- _SUPPLIED RECORDS_
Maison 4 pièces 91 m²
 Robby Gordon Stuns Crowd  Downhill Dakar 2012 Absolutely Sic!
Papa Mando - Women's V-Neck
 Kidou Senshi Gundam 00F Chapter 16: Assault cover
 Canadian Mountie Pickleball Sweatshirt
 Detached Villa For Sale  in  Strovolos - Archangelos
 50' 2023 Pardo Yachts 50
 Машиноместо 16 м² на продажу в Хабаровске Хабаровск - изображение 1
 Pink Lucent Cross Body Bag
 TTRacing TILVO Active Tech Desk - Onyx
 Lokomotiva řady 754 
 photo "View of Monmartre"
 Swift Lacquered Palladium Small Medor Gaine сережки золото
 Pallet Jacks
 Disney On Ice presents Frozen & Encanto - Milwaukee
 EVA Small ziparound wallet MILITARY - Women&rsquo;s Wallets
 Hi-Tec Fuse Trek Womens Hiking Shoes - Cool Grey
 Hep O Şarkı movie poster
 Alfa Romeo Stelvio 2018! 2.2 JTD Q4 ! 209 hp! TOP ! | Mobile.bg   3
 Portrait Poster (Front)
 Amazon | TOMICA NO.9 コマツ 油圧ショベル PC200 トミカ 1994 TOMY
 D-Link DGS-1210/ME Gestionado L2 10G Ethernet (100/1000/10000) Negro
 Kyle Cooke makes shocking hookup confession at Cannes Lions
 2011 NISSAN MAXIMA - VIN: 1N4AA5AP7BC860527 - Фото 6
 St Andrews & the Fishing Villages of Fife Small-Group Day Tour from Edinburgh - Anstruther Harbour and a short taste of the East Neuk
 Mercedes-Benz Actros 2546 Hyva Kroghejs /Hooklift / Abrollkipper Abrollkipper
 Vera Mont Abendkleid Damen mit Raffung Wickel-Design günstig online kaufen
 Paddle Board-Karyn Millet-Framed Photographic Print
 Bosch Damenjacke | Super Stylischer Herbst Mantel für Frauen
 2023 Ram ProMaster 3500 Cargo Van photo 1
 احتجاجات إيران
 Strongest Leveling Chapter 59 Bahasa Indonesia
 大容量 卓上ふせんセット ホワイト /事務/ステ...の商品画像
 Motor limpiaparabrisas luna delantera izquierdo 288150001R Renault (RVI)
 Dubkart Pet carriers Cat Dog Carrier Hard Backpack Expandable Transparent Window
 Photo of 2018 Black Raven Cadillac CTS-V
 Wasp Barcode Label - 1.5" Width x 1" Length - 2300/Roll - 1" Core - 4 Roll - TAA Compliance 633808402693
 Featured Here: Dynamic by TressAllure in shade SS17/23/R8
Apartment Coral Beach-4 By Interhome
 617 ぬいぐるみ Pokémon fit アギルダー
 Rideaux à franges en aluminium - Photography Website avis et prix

- _TASK INSTRUCTIONS_
Start at the first line of the material. Reproduce every line exactly, ending with the line that holds "St Andrews &".

- _REPLY TO THE TASK_
Maison 4 pièces 91 m²
 Robby Gordon Stuns Crowd  Downhill Dakar 2012 Absolutely Sic!
Papa Mando - Women's V-Neck
 Kidou Senshi Gundam 00F Chapter 16: Assault cover
 Canadian Mountie Pickleball Sweatshirt
 Detached Villa For Sale  in  Strovolos - Archangelos
 50' 2023 Pardo Yachts 50
 Машиноместо 16 м² на продажу в Хабаровске Хабаровск - изображение 1
 Pink Lucent Cross Body Bag
 TTRacing TILVO Active Tech Desk - Onyx
 Lokomotiva řady 754 
 photo "View of Monmartre"
 Swift Lacquered Palladium Small Medor Gaine сережки золото
 Pallet Jacks
 Disney On Ice presents Frozen & Encanto - Milwaukee
 EVA Small ziparound wallet MILITARY - Women&rsquo;s Wallets
 Hi-Tec Fuse Trek Womens Hiking Shoes - Cool Grey
 Hep O Şarkı movie poster
 Alfa Romeo Stelvio 2018! 2.2 JTD Q4 ! 209 hp! TOP ! | Mobile.bg   3
 Portrait Poster (Front)
 Amazon | TOMICA NO.9 コマツ 油圧ショベル PC200 トミカ 1994 TOMY
 D-Link DGS-1210/ME Gestionado L2 10G Ethernet (100/1000/10000) Negro
 Kyle Cooke makes shocking hookup confession at Cannes Lions
 2011 NISSAN MAXIMA - VIN: 1N4AA5AP7BC860527 - Фото 6
 St Andrews & the Fishing Villages of Fife Small-Group Day Tour from Edinburgh - Anstruther Harbour and a short taste of the East Neuk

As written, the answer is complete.